In late September, a student at Rutgers University took his own life after he was a victim of a dangerous trend: cyberbullying. A concept that has quickly spun out of control as Internet technology has advanced and more students are connected, cyberbullying has been the cause of multiple suicides in the last month. Cyberbullying has even happened on campus — Andrew Shirvell’s recent Internet attacks on Michigan Student Assembly President Chris Armstrong could certainly qualify as cyberbullying. But this threat is rarely combated at the legal level. The state must address the seriousness of this threat and create legislation to protect the victims of cyberbullying.

On Sept. 22, Rutgers University freshman Tyler Clementi took his own life after his roommate secretly live-streamed footage on the web of him engaging in a sexual encounter with another male. His roommate and another classmate were arrested on invasion of privacy charges but have since been released on bail.

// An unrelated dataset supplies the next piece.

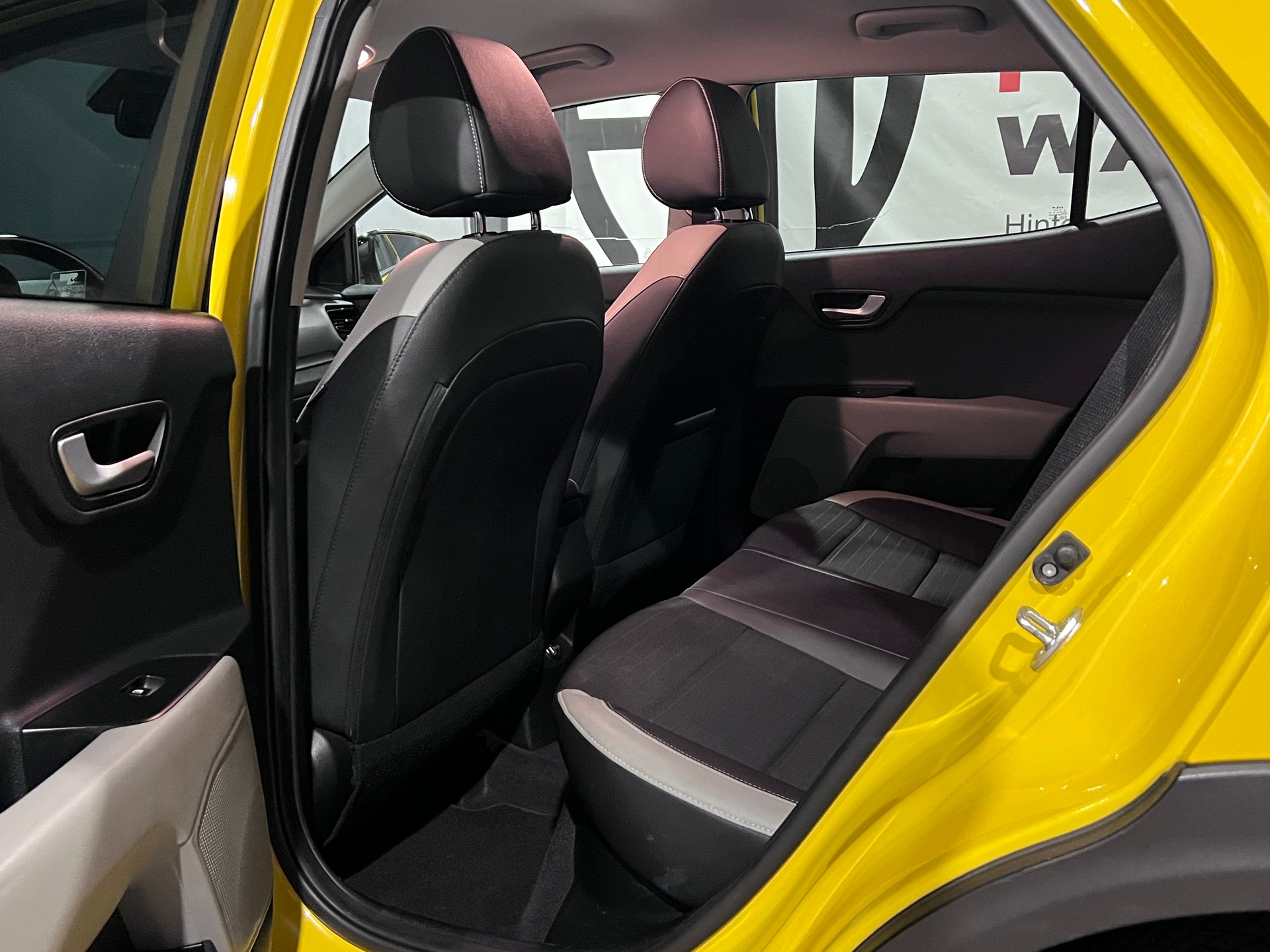 KIA Stonic 1.0 T-GDI MHEV GT-Line DCT-image-13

Cyberbullying is increasingly common and vicious because there is no easy way to monitor and stop it. The Internet is huge and allows for far more anonymity than any other medium through which bullying occurs. As a result, it’s more difficult to police. When a student is bullied in a controlled environment like school, teachers and administrators are often able to take immediate action. On the web, on the other hand, bullies can often remain under the radar until something shocking happens.

The bullying of Clementi and Shirvell’s attacks against Armstrong share a common trait: The objects of attack are members of the LGBT community. And though Armstrong has received impressive support from campus, many victims of cyberbullying don’t have such an encouraging environment. Nine out of ten LGBT students are bullied, according to a recent study conducted by the New York-based Gay, Lesbian and Straight Education Network. Because of this, these students are considered four times more likely to be suicidal than straight students. And while members of the LGBT community are statistically bullied more often than others, anyone is susceptible.

Though Michigan already has legislation to promote cyber-safety and has a law against bullying, there is nothing being done to stop or prevent cyberbullying. This needs to change. The state needs to create ways to detect cyberbullying and control what is being said on the Internet in order to protect victims and enforce consequences for perpetrators.

Currently, only seven states have legislation to stop cyberbullying. Michigan needs to join the movement to stop online attacks. Ironically, Attorney General Mike Cox has enacted a huge campaign — The Michigan Cyber Safety Initiative — to educate K-12 children about cyber safety. But we have seen as a result of Shirvell’s actions that the campaign can’t be completely effective because there is no law to deter potential bullies. If Cox’s own staff isn’t promoting this initiative, there is no reason why the rest of the community would. Cox needs to push for firmer laws that can’t be ignored.

Cyberbullying is a growing threat, especially to students and members of the LGBT community. To protect vulnerable students, Michigan must create legislation to help stop cyberbulling.